■ Task instructions:
From the listing below, pick out each line with the word "gold".
--- Study material Enclosed Below ---
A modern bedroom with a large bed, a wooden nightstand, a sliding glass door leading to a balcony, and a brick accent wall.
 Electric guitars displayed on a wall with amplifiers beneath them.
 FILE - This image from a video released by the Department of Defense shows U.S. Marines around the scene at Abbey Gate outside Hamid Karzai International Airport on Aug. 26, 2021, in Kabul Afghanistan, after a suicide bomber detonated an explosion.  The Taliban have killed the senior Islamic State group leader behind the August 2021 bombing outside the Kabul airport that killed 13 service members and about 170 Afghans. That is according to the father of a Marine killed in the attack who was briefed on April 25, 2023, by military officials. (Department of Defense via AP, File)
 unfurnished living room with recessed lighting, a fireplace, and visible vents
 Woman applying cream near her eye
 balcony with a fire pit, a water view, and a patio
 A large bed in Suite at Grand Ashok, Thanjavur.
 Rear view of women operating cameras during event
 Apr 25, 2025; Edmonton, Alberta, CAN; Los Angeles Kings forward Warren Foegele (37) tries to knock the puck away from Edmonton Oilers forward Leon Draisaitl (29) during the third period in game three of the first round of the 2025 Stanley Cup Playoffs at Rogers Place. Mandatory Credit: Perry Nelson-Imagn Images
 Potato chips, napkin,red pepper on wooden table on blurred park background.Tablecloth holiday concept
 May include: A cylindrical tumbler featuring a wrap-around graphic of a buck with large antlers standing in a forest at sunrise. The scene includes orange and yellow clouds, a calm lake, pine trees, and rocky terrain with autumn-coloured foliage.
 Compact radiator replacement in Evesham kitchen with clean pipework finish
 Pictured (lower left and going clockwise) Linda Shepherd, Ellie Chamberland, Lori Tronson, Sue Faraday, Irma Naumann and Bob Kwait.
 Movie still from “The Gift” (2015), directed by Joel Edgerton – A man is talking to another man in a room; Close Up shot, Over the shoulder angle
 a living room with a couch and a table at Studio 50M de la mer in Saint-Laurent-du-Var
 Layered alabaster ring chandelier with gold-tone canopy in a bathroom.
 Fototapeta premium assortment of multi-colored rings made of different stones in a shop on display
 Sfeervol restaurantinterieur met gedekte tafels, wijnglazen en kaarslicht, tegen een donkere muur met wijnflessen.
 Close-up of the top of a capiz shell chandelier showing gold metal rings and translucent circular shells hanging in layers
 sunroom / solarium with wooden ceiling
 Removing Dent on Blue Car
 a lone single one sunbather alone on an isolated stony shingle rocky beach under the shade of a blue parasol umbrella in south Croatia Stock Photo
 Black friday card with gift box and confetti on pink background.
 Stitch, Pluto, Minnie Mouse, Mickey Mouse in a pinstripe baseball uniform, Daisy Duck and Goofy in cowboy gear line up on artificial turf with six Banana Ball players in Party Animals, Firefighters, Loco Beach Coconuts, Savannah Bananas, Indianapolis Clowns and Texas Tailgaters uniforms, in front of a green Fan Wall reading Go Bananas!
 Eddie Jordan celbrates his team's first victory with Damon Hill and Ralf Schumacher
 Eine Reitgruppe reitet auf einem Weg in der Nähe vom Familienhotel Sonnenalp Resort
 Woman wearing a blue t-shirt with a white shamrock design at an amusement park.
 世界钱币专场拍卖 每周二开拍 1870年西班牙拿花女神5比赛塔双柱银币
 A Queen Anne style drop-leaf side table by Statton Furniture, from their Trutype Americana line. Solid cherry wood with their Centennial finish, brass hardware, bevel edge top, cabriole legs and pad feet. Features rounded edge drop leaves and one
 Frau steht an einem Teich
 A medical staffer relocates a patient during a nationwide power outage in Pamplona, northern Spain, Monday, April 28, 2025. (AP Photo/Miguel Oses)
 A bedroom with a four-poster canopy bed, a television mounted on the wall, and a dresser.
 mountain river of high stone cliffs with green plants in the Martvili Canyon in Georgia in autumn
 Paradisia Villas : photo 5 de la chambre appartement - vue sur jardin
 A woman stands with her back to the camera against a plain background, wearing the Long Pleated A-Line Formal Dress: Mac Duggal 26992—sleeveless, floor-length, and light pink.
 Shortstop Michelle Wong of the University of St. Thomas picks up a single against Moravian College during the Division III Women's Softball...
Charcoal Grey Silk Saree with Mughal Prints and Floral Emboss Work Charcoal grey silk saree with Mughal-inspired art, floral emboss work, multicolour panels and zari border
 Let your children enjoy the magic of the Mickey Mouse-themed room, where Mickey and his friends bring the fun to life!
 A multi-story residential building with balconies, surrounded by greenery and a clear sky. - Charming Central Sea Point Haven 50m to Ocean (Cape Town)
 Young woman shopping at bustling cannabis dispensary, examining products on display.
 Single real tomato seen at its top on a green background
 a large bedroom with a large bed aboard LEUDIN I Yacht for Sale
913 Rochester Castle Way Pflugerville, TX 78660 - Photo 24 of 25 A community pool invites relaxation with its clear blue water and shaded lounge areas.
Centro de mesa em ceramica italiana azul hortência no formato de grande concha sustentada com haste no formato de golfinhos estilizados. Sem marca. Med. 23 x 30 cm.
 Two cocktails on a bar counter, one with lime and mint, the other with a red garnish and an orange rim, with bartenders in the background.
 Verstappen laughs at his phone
--- End of Enclosed Study material ---
■ Response:
 Layered alabaster ring chandelier with gold-tone canopy in a bathroom.
 Close-up of the top of a capiz shell chandelier showing gold metal rings and translucent circular shells hanging in layers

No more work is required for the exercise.